• _Web page caption snippets_:
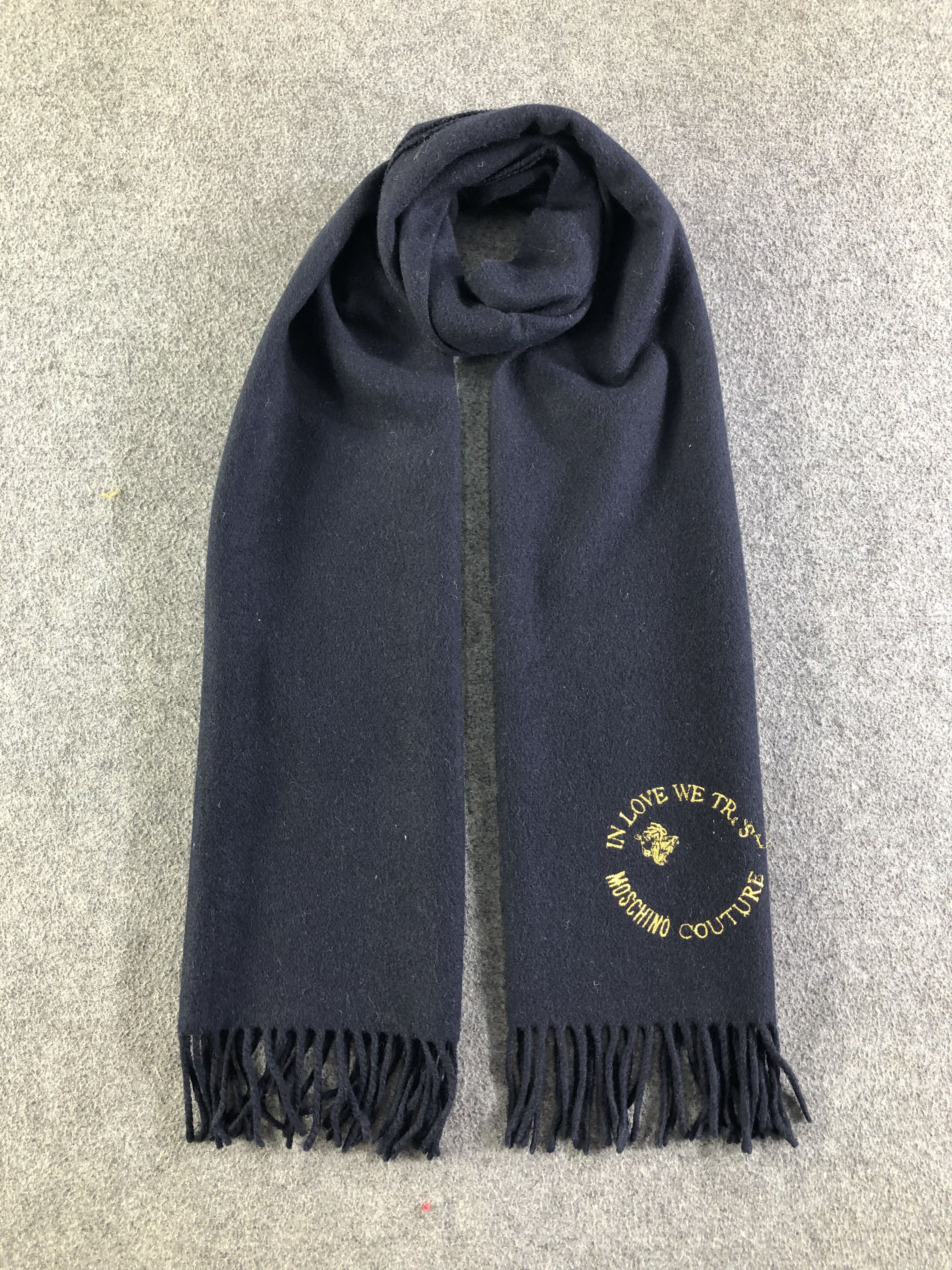 Vintage Moschino Scarf / Muffler / Neckwear SS1323 Size ONE SIZE - 1 Thumbnail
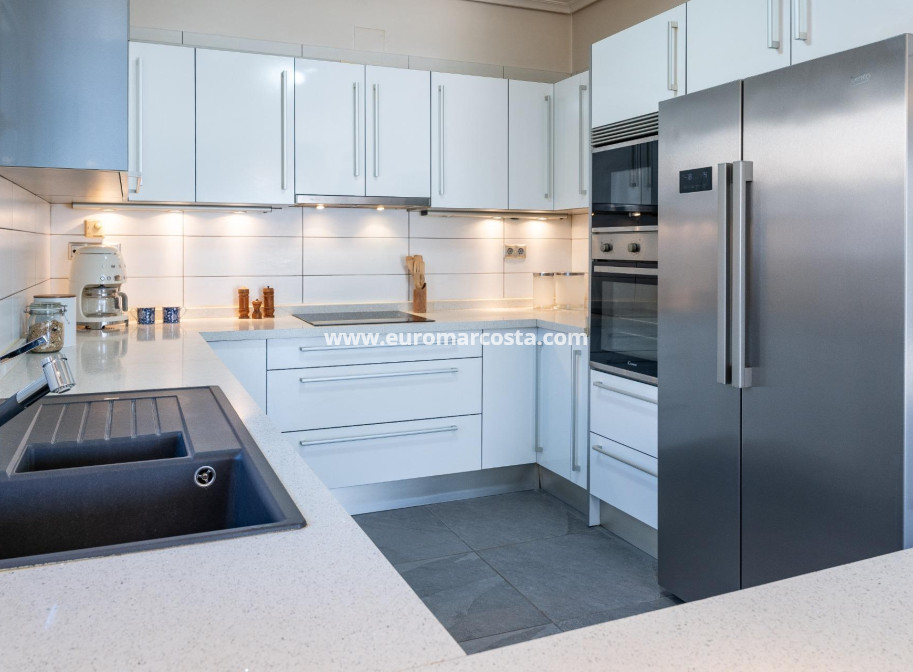 Sale - Villa - Orihuela Costa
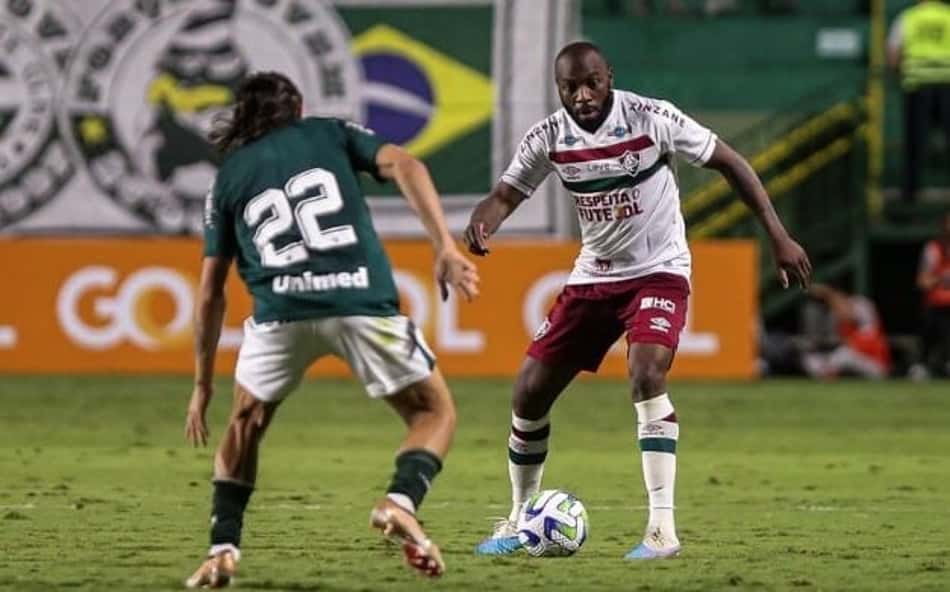 Conmebol suspende provisoriamente Manoel, zagueiro do Fluminense, por doping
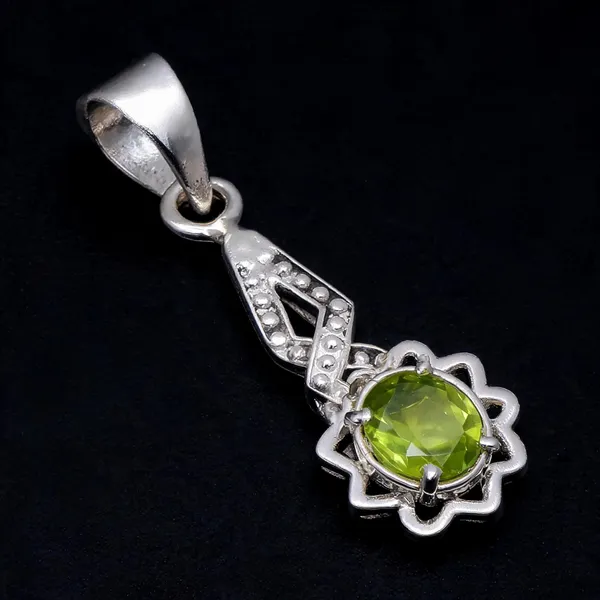 Sterling_Silver_Peridot_Pendant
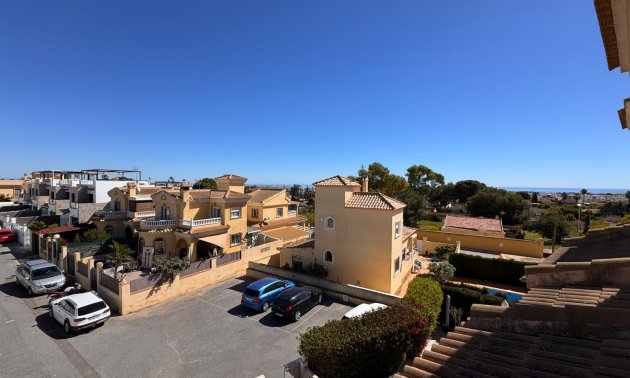 Resale - Townhouse -
Orihuela Costa - Campoamor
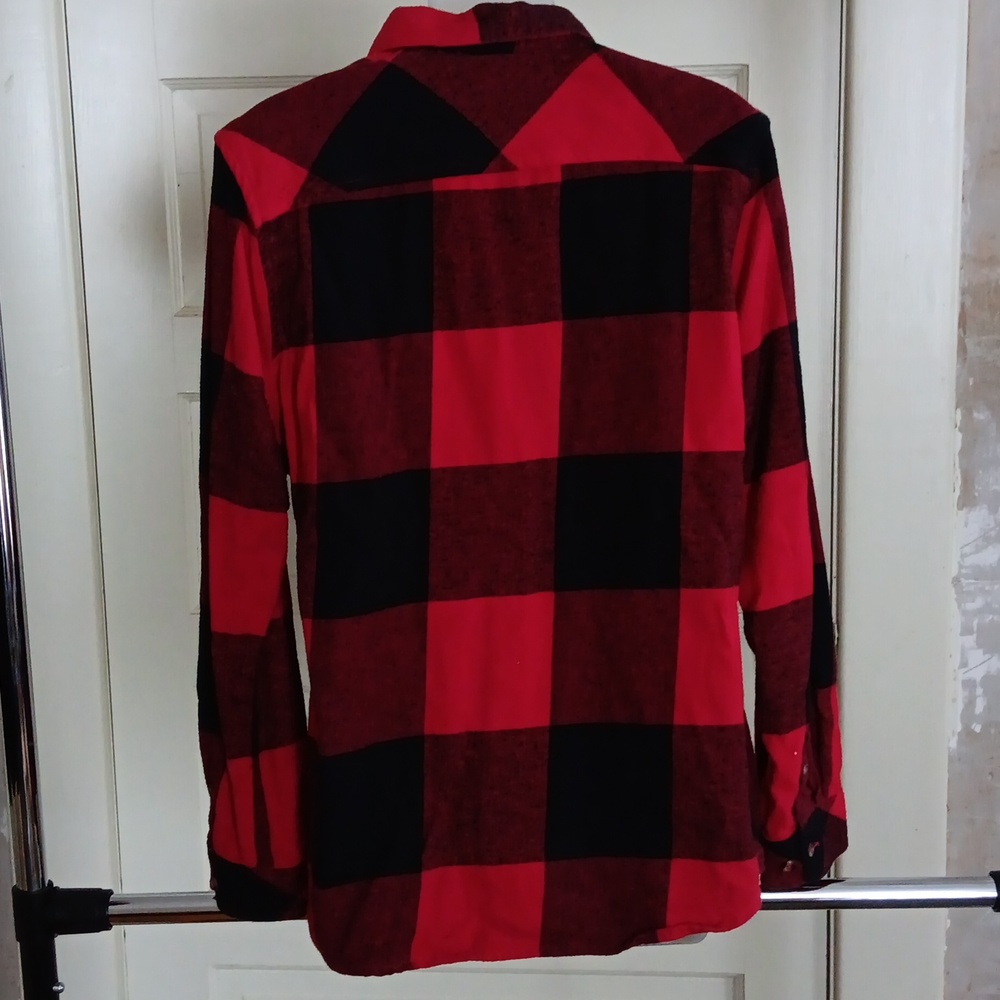 Flannel - Picture 2 of 3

• _TASK ITEM_: For every line above, produce an exact transcription that omits the images.

• _RESPONSE_:
 Vintage Moschino Scarf / Muffler / Neckwear SS1323 Size ONE SIZE - 1 Thumbnail
 Sale - Villa - Orihuela Costa
 Conmebol suspende provisoriamente Manoel, zagueiro do Fluminense, por doping
 Sterling_Silver_Peridot_Pendant
 Resale - Townhouse -
Orihuela Costa - Campoamor
 Flannel - Picture 2 of 3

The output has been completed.